Cardini scrive che ripudiammo l’antisemitismo, ma a dire il vero non c’era nulla da ripudiare, dato il dovuto rispetto alla religione e alla cultura ebraica, ma c’era invece da condannare il filo-sionismo, che, ad oriente, riproduceva il sistema di oppressione che in Europa ben conoscevamo, patrocinato dal “grande Satana”, cioè gli Stati Uniti.
Cardini resta l’esempio di questo atteggiamento nei confronti di Israele: credo che non ci sia persona al mondo (cristiano) che non ami Gerusalemme quanta la ama lui. Questo non è soltanto un retaggio dei suoi primi studi sulle crociate, ma un amore rinnovato con innumerevoli viaggi in Terrasanta. Al contempo però il medievista fiorentino ha recentemente posto limiti ben netti all’espansionismo sionista in Palestina.
Disogra ha il pregio di trattare non soltanto del Thiriart politico, ma anche, se non soprattutto, di quello ideologico. Noi ci ispiravamo al suo messaggio politico, la politologia non era a quei tempi una dottrina molto praticata (e lo dimostra l’elenco di letture cui fa riferimento Cardini, che di politologico non hanno molto), lo diverrà con personaggi come Marco Tarchi o Alessandro Campi, o Paolo Armaroli, i quali avrebbero dovuto, o dovrebbero, tornare ad esaminare l’attualità del pensiero thiriartiano.
Ma, alla fin fine, quale Europa? Cardini mi sembra oggi sostenere quella paneuropea (per alcuni anni è stato egli stesso, ma per fedeltà asburgica, animatore di Paneuropa Italia), una somma di entità nazionali unite dalla sussidiarietà. Certo, il pensiero di Cardini è conseguente alla sua vocazione di storico medievista, siamo un coacervo di culture, sensibilità, comportamenti stratificatisi con i secoli, come non tenerne conto?
Fermo restando il totale rifiuto dell’Unione Europea come oggi concepita ed attuata, il concetto thiriartiano di “Europa nazione”, centralizzata e centralista, sembra essere stato superato nel pensiero cardiniano, rivolto forse più al passato, per logica di professione, che al presente.
Chi scrive, continua a credere in una nazione europea centralizzata politicamente, economicamente e militarmente.

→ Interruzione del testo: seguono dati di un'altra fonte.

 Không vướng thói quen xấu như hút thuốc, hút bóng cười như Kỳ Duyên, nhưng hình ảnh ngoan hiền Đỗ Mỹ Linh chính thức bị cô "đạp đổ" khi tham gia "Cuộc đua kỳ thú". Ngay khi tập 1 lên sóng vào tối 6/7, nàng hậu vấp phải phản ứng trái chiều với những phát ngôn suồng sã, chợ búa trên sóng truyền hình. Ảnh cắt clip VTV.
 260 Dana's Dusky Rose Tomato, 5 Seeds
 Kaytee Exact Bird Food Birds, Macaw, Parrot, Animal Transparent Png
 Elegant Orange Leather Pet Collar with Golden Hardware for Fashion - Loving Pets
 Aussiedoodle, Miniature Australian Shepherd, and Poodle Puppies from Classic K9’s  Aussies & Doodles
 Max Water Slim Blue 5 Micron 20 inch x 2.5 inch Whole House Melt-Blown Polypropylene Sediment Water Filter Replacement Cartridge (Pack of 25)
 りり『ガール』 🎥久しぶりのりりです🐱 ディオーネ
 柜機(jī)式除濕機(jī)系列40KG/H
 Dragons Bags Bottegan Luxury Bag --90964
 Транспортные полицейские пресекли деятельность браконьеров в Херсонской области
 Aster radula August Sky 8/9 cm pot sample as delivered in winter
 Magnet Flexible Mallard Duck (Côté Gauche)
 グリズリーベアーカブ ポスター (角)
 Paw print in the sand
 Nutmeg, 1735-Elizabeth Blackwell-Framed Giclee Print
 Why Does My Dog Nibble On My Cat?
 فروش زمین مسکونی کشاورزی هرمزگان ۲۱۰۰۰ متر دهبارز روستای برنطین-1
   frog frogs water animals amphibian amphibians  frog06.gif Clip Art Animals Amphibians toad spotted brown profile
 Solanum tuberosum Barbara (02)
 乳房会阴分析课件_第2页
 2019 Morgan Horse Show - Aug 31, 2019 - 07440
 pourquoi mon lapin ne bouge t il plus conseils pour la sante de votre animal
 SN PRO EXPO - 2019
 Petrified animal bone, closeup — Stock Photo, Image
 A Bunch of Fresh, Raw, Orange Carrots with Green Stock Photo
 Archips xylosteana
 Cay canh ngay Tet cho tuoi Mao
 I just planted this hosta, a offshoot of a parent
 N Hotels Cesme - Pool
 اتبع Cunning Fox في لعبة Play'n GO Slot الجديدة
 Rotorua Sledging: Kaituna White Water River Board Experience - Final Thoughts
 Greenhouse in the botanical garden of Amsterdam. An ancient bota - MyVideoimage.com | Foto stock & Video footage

Questo non toglie che alla sagra di Bressanone è naturale partecipino gli Schützen e non i raccoglitori di pomodori di altra estrazione, cui comunque sarà riservato il rispetto dovuto alla loro cultura e alla loro tradizione.
Cardini resta, anche se oramai non lo rivendica più per non passare per archeologo della politica, un giovane-europeo nei due pilastri fondamentali del movimento, che sono: la critica agli USA e l’apertura alla Russia.
Gli USA, Cardini li conosce bene per avervi insegnato, come conosce Mosca, dove lo hanno portato i suoi studi. Esiste una cultura americana di assoluto rispetto, da Pound a Kerouac, da Steinbeck a Hemingway, per fare solo pochi nomi, come esiste una cinematografia superba, ma gli Stati Uniti sono anche alla fonte del malessere del mondo moderno: parafrasando Ezechiele, “ab occaso pandetur omne malum”.
E soprattutto l’americanismo si identifica con quell’odioso imperialismo di cui abbiamo oggi la riprova in Ucraina e a Gaza, oltre che nel mar della Cina.
Come contrappeso cresce la popolarità della Russia. Decantata dal comunismo conservatore post-staliniano (fummo accaniti assertori della libertà magiara come di quella boema e polacca), la terza Roma rappresenta la speranza di una nuova Europa, speranza che i “vecchi europei”, tali oramai per dato anagrafico, nutrono sulla soglia, ancora luminosa, dei loro ottanta anni.